Bien, ha llegado el momento de poner las cartas boca arriba. De declararlos ilegales, en suma. Pero no únicamente a la CUP o a Arran, para quienes el remoquete de forajidos sería una suerte de halago, un (tardío) reconocimiento a su empeño. Ningún partido que tenga entre sus objetivos la independencia puede tener cabida en la vida política española; ninguno, bien entendido que la consecución de dicho objetivo pasa por la destrucción del orden democrático, es decir, por la extranjerización de los ciudadanos no catalanes, con la consiguiente quiebra del principio de igualdad, la extinción de la separación de poderes, la suspensión de los tratados comunitarios y, en última instancia, la instauración de un régimen fundado en el supremacismo.
Quien sea propenso al vértigo no tiene más que considerar el artículo 21 de la Constitución de Alemania: “Los partidos que por sus fines o por el comportamiento de sus adherentes tiendan a desvirtuar o eliminar el régimen fundamental de libertad y democracia, o a poner en peligro la existencia de la República Federal de Alemania, son inconstitucionales”.
Atendamos a lo nuclear y dejemos de enredarnos en discusiones sobre si es o no legítimo judicializar la política, pues, como dejó escrito Fernando Savater en una de sus luminosas analogías, que un independentista manifieste ese reparo es como si un condenado por violación esgrimiera en su defensa la indelicadeza que supone para con su libertad judicializar el sexo.

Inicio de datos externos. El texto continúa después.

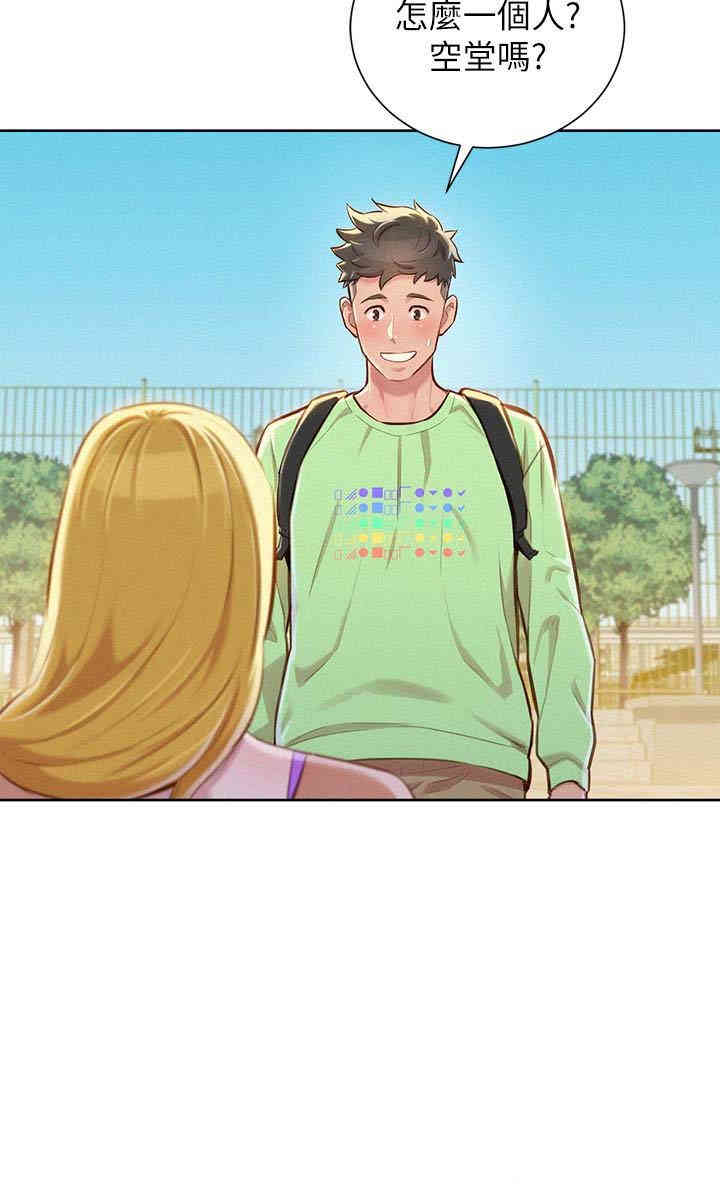 漂亮干姐姐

En cualquier caso, las leyes (empezando por la del divorcio, por la que siempre recordaremos a Paco Ordóñez, y siguiendo con la del matrimonio homosexual o la de derogación del Código de Justicia Militar) no son indisociables del sistema político que nos dimos tras la dictadura. O en otras palabras: lo que se presenta como una intolerable intromisión de la judicatura en la libertad de expresión es en verdad una pared maestra del Estado de derecho.
Dejemos de engañarles. Pero sobre todo, dejemos de engañarnos.